In this post, we’ll walk through five common mistakes we see — and the smart moves you can still make to avoid them.
Mistake #1: Waiting to Fix Financial Clarity
Buyers don’t expect perfection, but they do expect clarity. If your financials are messy, inconsistent, or heavily commingled with personal expenses, it creates friction — and friction reduces offers.
What you can still do now:
- Work with your accountant to clean up your books.
- Separate business and personal expenses clearly.
- Normalize your financials to reflect true seller’s discretionary earnings or EBITDA.
- Generate clean, accrual-based P&Ls and balance sheets for the past 2–3 years.
Buyers will use these numbers to benchmark your value. Making them easy to trust makes your business easier to buy.
Mistake #2: Ignoring Customer Concentration
If one or two customers account for 30%+ of your revenue, that’s a red flag for most buyers. Even if those relationships are solid, the perceived risk can shrink your multiple or lead to lower cash at close.
What you can still do now:
- Identify concentration issues by running a customer revenue analysis.
- Focus sales or marketing efforts on broadening your base, even slightly.
- Prepare a narrative that explains retention strength and expansion opportunities beyond those accounts.
Even small steps toward diversification — or showing you’ve recognized the issue — improves buyer confidence.
Mistake #3: Not Documenting Key Processes
The more your business runs out of your head, the less transferable it is — and buyers know it. If you disappear post-close, does the operation keep running?
What you can still do now:
- Start documenting Standard Operating Procedures (SOPs) for sales, fulfillment, operations, and finance.
- Record screen shares or training videos as you complete tasks.
- Begin developing a second layer of management, even if informally.
Process documentation adds value, reduces buyer friction, and builds buyer trust in the business beyond the founder.
Mistake #4: Underestimating Due Diligence
Many sellers think once an offer is accepted, the deal is done. In reality, the diligence phase is where deals either come together — or fall apart.

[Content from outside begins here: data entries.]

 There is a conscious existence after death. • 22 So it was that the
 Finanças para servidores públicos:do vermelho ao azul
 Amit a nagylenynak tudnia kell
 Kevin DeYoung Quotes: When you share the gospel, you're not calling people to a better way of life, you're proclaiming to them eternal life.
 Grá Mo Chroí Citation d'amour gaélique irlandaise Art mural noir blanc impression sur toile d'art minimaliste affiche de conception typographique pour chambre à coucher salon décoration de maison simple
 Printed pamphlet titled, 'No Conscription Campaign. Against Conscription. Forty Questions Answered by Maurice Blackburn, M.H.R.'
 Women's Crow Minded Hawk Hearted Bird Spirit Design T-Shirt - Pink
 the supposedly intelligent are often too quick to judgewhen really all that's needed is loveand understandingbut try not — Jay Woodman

Buyers will go deep, and any gaps can cause re-trades, slowdowns, or collapse.
What you can still do now:
- Begin assembling your data room: tax returns, contracts, leases, employee agreements, supplier/vendor info, and IP documents.

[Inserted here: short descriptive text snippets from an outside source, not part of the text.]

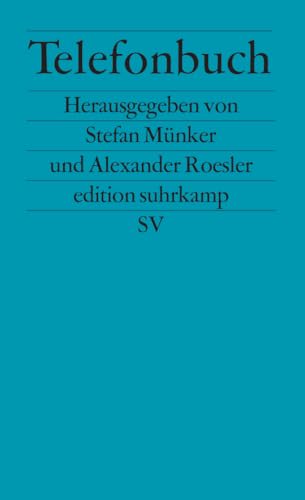 Telefonbuch: Beiträge zu einer Kulturgeschichte des Telefons (edition suhrkamp) von Suhrkamp Verlag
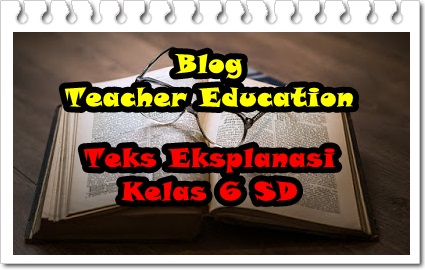 Contoh Soal Teks Eksplanasi Kelas 6 Sd
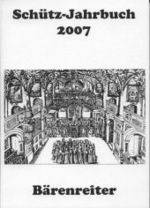 Schütz-Jahrbuch 2007 （29. Jg. 2008. 205 S. 24 cm）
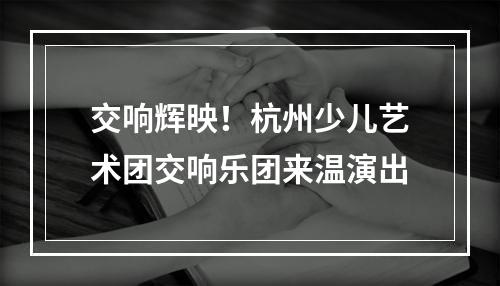 交响辉映！杭州少儿艺术团交响乐团来温演出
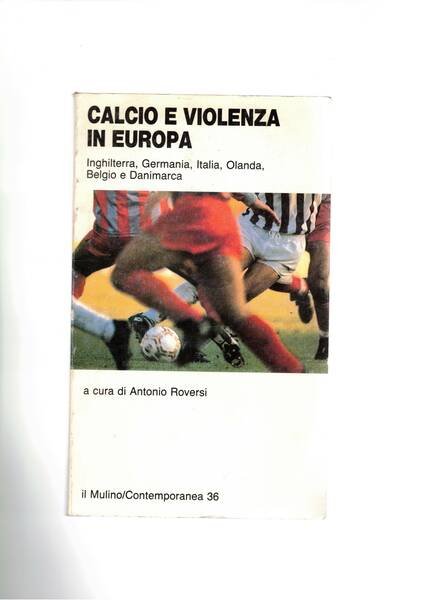 calcio e violenza in Europa. Inghilterra, Germania, Italia, Olanda, Belgio …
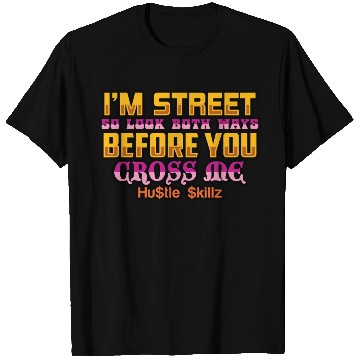 Discover HustleSkillz Commercial Use Gangster Quote T Shirts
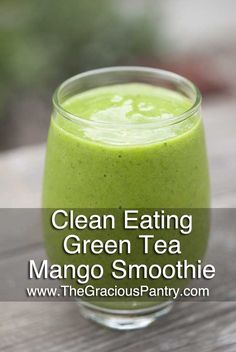 a glass filled with green tea and the words clean eating green tea mango smoothie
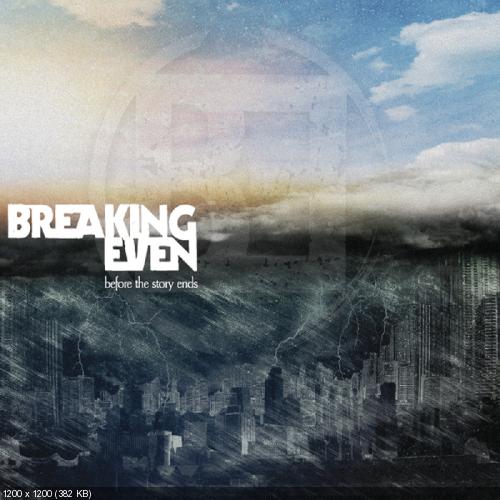 Breaking Even - Before the Story Ends (2014)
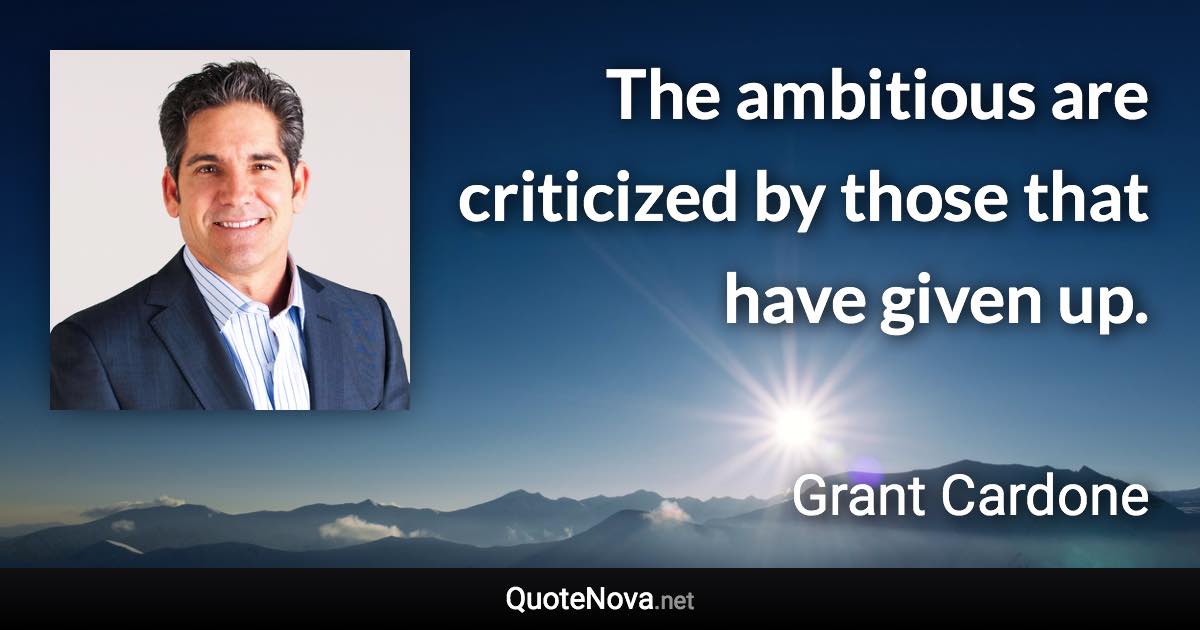 The ambitious are criticized by those that have given up. - Grant Cardone quote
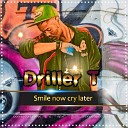 Driller T - How It Goes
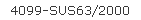 4099-SUS63/2000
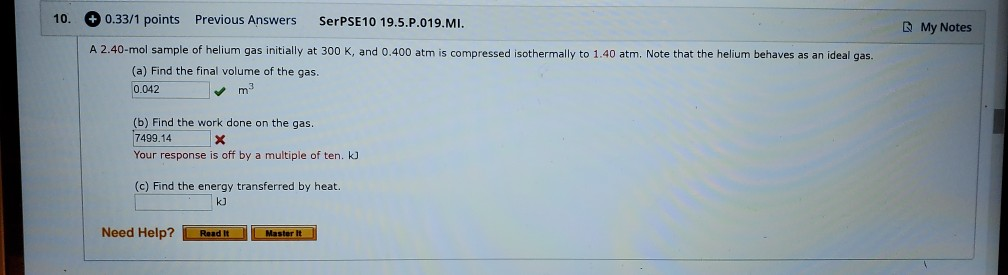 10 0 33 1 Points Previous Answers Serpse10 19 5 P 019 Mi My Notes A 2 40 Mol Sample Of Helium Gas Initially At 300 K 1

- Organize financial and legal documents into clean folders with naming conventions.
- Conduct your own light due diligence review — or better yet, get an advisor to walk you through one.
Preparation during diligence keeps your deal momentum strong and your leverage intact.
Mistake #5: Over-Focusing on Valuation Headlines
Everyone wants the biggest number — but chasing a headline valuation often leads to poor structure, painful earnouts, or disappointing net proceeds.
What you can still do now:
- Get educated on deal structures: cash at close, seller notes, earnouts, rollovers.
- Understand what “net proceeds” really means after taxes and adjustments.
- Work with an advisor to model 2–3 deal scenarios — not just a single target price.
A flexible mindset paired with solid preparation helps you negotiate stronger and avoid post-deal regret.
Conclusion
You don’t need to be perfect — but you do need to be proactive. Even 12 months out, these five areas can dramatically impact your exit value and outcome.
Great exits aren’t just about finding the right buyer — they’re about preparing the right business for that buyer to confidently say yes.
If you’re considering a sale in the next year, now’s the time to move.